The big data generated by the Internet of Things is opening up great opportunities for a new generation of operational and analytic applications. Creating these applications will require taking a ground-up approach from the basic sensor technology and the data sensors can generate to the ways sensors and managed and data is integrated, to the actions that can be taken as a result of the analyzed data.
1 thought on “Big Data and the Internet of Things”
this is a very interesting perspective, and i agree with lots of what you say – except for one thing.
i don’t see the storing of the data as a necessity. the low-level data you refer to for the most part (Something like 99.99% of the time) is inconsequential. it repeats the same every-time – i am on, i am off, i am fine, i need nothing, etc. well, that is the interpretation of that data. the number of devices available won’t matter as long as we have the ability to process the non-equal ones – the alerts to react.
sure, for compliance reasons eventually you may need to store some of this, but the vast majority of it will be discarded. and the same applies to social noise – we don’t store every single tweet that comes across with your keywords – may way route a few (usually less than 1/2 of a percent of those that mention us) for further processing, but the majority of tweets that hate united or att or whomever are discarded since there is no resolution possible.

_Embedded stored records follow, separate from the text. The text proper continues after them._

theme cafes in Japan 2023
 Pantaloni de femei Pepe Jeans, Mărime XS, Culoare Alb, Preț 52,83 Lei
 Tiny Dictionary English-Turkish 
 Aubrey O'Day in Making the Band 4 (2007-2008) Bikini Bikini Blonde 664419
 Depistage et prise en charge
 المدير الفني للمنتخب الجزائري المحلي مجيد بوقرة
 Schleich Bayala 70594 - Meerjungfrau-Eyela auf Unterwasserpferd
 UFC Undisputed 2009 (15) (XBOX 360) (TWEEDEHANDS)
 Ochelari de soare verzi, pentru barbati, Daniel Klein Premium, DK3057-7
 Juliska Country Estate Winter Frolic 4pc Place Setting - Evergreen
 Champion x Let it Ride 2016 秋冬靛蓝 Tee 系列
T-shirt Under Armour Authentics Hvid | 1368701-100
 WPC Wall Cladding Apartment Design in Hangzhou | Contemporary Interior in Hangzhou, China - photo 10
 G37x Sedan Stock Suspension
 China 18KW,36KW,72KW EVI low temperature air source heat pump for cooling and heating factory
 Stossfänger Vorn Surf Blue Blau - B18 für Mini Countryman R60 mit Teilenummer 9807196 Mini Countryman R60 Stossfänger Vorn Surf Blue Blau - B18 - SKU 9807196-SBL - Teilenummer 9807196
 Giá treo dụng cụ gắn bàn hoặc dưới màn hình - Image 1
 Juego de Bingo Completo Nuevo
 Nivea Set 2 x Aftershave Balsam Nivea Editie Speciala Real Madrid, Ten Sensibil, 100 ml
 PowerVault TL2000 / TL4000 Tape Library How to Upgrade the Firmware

and therein lies the rub – the “revolution” of big data is not about the data but the ability to process it closer to real time than ever before. it was never about the data, it was (as you point you) about the outcomes that are necessary / expected.
and this is the main problem today – not the lack of “data scientists” but the lack of knowing what to do with all this “data”.
and for that, the answer cannot come from a vendor or a technology but from people understanding what is the purpose of the biz they built (well, beyond making money that is).